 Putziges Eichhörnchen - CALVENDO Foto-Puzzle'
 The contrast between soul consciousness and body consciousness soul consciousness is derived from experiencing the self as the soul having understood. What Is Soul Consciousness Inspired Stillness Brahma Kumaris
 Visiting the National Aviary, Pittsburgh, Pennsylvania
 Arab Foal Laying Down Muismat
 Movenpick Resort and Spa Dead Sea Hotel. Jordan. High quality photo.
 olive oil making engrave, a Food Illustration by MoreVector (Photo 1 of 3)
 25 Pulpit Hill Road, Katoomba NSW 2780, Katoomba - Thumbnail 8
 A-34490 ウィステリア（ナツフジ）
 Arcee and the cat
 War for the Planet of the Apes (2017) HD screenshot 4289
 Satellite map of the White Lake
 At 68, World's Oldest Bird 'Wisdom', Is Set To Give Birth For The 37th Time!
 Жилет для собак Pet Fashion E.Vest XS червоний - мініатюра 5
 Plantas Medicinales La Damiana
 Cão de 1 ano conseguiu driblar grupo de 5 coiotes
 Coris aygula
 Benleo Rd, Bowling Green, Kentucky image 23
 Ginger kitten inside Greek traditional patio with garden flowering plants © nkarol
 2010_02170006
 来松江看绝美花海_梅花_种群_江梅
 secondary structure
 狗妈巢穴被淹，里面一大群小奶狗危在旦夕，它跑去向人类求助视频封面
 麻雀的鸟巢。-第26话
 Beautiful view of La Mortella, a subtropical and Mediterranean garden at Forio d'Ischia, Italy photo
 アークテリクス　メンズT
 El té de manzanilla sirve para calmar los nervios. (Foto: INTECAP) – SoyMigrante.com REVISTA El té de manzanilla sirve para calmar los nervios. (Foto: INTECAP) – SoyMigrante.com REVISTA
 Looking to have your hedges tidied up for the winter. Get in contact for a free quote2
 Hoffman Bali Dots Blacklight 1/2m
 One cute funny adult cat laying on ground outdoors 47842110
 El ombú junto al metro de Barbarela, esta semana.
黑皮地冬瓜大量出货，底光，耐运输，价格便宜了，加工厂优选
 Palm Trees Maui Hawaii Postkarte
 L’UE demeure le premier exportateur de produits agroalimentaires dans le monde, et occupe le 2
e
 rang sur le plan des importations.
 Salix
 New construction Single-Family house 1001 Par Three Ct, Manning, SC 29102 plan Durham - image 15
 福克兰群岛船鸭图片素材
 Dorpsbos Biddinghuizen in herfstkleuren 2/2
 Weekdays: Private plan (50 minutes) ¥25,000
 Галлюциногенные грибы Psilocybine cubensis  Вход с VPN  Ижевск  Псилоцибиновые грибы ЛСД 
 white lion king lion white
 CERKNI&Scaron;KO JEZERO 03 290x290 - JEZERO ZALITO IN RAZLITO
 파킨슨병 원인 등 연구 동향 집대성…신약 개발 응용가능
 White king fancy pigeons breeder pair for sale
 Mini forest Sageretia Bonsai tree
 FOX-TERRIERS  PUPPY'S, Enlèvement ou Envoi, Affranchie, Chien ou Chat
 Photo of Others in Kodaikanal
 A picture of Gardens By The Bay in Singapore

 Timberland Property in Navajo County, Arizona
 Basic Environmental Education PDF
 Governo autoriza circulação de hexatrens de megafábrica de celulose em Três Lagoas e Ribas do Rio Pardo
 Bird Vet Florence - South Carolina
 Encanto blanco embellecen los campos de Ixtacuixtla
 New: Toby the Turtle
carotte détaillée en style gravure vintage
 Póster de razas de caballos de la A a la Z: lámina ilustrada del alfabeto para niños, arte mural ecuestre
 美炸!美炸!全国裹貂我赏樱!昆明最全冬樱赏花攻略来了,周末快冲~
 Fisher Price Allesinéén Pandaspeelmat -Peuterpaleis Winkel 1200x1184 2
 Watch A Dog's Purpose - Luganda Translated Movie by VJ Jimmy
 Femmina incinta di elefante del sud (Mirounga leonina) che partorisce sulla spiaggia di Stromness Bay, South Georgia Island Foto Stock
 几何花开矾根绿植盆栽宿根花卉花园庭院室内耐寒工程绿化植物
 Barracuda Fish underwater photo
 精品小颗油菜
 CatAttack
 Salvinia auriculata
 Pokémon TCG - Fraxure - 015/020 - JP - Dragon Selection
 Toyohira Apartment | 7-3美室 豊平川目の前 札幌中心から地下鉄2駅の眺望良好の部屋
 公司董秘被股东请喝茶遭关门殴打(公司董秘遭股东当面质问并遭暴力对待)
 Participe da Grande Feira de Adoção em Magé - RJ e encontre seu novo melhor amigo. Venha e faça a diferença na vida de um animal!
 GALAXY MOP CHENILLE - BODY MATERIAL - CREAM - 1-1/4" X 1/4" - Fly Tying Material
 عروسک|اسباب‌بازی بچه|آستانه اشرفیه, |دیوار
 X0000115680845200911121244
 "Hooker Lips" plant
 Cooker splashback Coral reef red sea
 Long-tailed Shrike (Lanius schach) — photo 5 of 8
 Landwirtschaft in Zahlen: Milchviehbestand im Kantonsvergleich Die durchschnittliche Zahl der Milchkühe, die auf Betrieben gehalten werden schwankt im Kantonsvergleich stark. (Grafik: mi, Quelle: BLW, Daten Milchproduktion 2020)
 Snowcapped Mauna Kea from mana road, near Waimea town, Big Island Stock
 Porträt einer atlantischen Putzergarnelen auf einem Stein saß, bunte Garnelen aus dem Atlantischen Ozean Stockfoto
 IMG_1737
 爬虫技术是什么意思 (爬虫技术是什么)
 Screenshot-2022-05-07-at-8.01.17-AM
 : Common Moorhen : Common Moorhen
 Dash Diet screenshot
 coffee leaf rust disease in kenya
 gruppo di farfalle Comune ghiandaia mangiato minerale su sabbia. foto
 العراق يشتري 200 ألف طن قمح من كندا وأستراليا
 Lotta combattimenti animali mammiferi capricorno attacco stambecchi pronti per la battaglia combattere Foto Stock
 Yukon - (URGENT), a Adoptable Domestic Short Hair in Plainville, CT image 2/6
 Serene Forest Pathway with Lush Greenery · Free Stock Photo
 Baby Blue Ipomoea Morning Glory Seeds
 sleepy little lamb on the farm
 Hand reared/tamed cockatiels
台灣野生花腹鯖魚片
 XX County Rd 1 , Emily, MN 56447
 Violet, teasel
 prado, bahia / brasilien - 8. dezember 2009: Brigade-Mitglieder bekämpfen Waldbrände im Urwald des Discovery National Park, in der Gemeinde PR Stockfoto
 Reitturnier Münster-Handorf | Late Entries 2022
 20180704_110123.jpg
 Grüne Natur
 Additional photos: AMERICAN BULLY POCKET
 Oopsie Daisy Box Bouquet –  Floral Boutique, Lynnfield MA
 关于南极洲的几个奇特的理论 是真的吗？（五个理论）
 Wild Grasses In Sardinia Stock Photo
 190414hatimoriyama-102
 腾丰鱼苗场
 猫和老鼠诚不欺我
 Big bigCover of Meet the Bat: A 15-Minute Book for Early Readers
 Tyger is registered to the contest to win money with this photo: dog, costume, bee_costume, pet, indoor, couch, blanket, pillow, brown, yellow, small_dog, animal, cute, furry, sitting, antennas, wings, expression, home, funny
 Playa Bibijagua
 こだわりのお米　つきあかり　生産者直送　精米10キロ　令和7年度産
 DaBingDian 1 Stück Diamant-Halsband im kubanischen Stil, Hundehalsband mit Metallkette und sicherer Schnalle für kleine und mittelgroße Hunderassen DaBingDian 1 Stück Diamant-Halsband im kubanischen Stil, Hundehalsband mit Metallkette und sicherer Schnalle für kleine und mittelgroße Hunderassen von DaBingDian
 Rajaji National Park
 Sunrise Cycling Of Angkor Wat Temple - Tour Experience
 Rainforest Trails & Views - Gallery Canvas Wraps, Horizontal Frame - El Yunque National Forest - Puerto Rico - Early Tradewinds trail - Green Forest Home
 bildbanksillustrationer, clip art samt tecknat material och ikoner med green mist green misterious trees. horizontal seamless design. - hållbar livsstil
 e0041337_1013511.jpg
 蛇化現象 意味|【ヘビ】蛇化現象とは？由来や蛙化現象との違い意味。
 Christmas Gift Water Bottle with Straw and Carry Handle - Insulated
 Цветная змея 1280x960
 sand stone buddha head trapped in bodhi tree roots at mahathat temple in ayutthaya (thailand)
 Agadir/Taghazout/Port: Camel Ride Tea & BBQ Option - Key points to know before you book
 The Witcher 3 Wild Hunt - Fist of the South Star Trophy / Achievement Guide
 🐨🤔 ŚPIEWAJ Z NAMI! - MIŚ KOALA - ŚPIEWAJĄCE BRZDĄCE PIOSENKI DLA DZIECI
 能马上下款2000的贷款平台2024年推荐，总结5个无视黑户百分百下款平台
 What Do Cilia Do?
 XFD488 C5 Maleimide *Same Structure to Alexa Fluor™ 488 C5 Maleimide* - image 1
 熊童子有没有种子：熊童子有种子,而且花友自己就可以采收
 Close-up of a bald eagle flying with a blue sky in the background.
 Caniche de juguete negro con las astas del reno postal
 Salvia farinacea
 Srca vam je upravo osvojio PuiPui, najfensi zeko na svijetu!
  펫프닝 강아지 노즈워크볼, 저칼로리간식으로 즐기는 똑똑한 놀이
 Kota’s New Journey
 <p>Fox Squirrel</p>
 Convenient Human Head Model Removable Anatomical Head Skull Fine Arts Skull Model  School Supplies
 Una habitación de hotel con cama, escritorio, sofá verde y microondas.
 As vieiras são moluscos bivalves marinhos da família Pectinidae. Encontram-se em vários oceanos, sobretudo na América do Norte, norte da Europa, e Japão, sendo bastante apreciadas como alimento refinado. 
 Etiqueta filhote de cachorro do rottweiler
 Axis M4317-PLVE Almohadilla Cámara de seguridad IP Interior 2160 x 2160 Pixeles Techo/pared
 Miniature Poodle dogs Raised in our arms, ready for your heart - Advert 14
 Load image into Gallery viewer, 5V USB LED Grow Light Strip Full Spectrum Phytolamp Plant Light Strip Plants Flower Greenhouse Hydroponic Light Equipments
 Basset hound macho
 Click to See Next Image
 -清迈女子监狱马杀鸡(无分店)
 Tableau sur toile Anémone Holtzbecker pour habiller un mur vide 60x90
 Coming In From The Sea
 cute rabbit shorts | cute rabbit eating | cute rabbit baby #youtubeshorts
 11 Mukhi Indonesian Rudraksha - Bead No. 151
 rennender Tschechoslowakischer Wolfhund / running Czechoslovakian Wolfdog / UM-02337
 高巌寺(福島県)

══════

## What is needed
Copy each line from the entries above that has the word "funny" in it.

## Output
 One cute funny adult cat laying on ground outdoors 47842110
 Tyger is registered to the contest to win money with this photo: dog, costume, bee_costume, pet, indoor, couch, blanket, pillow, brown, yellow, small_dog, animal, cute, furry, sitting, antennas, wings, expression, home, funny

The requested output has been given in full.